The NYT has requested letters in response to Ravitch's response:
Editors’ Note: We invite readers to respond to this letter, as part of our new Sunday Dialogue feature. We plan to publish a sampling of responses in the Sunday Review, and Diane Ravitch will be given an opportunity to reply. E-mail: email@example.com
And here is what I sent, though I suspect it may not see print:
What do David Brooks' claims about education reform and criticism of Diane Ravitch have in common? They are incomplete and inaccurate.
Ravitch's credibility rests on her historical context for education in the U.S. while Brooks insists on ignoring the evidence and perpetuating "no excuses" ideology that makes powerful rhetoric but not solid policy. The education reform debate must rest on some basic facts:
• Measurable student outcomes (tests) reflect dominantly the out-of-school factors in students' lives beyond the control of the schools (See David Berliner's work that identifies the six factors we must address).

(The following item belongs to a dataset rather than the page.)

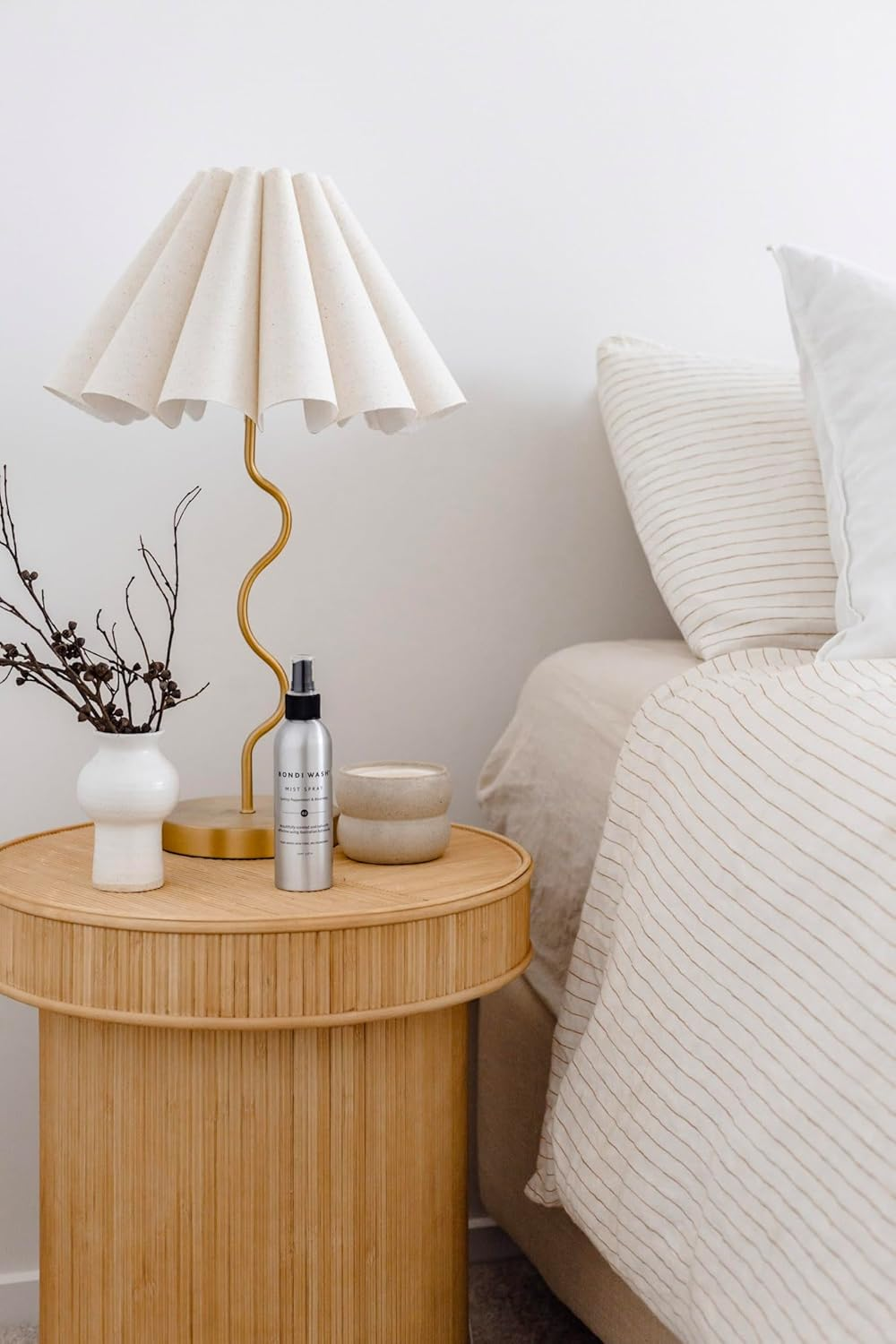 BONDI WASH Mist Spray (Tasmanian Pepper & Lavender) 150Ml/5.1Oz image number 3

• When U.S. student outcomes are compared internationally and poverty is considered in that comparison, the U.S. ranks higher than most countries we tend to claim are superior to the U.S. in education (See Mel Riddile's analysis of PISA).
• The accountability era over the past 30 years has not created the reform promised; in fact, the accountability era focusing on standards and testing has done far more harm than good (See the new study edited by Michael Hout and Stuart W. Elliott).
• Teacher quality's influence on measurable student outcomes is small (See "What Research Says About the Effect of Teachers" by the Education Writers Association).
• Claims of "miracle" schools have been discredited, are not scalable, or implement practices that are not desirable in a free society—including the Harlem "miracle," the Texas "miracle," and the Chicago "miracle," all of which have impacted flawed political rhetoric and policy (See "miracleschools"Wiki).
We need political leadership dedicated to addressing the inordinate weight of poverty on children in the U.S. while we also reform our public schools to insure that they do not perpetuate the inequities found in our society, including setting aside failed bureaucratic approaches to schools and classist "no excuses" ideologies creating highly stratified charter schools across the U.S.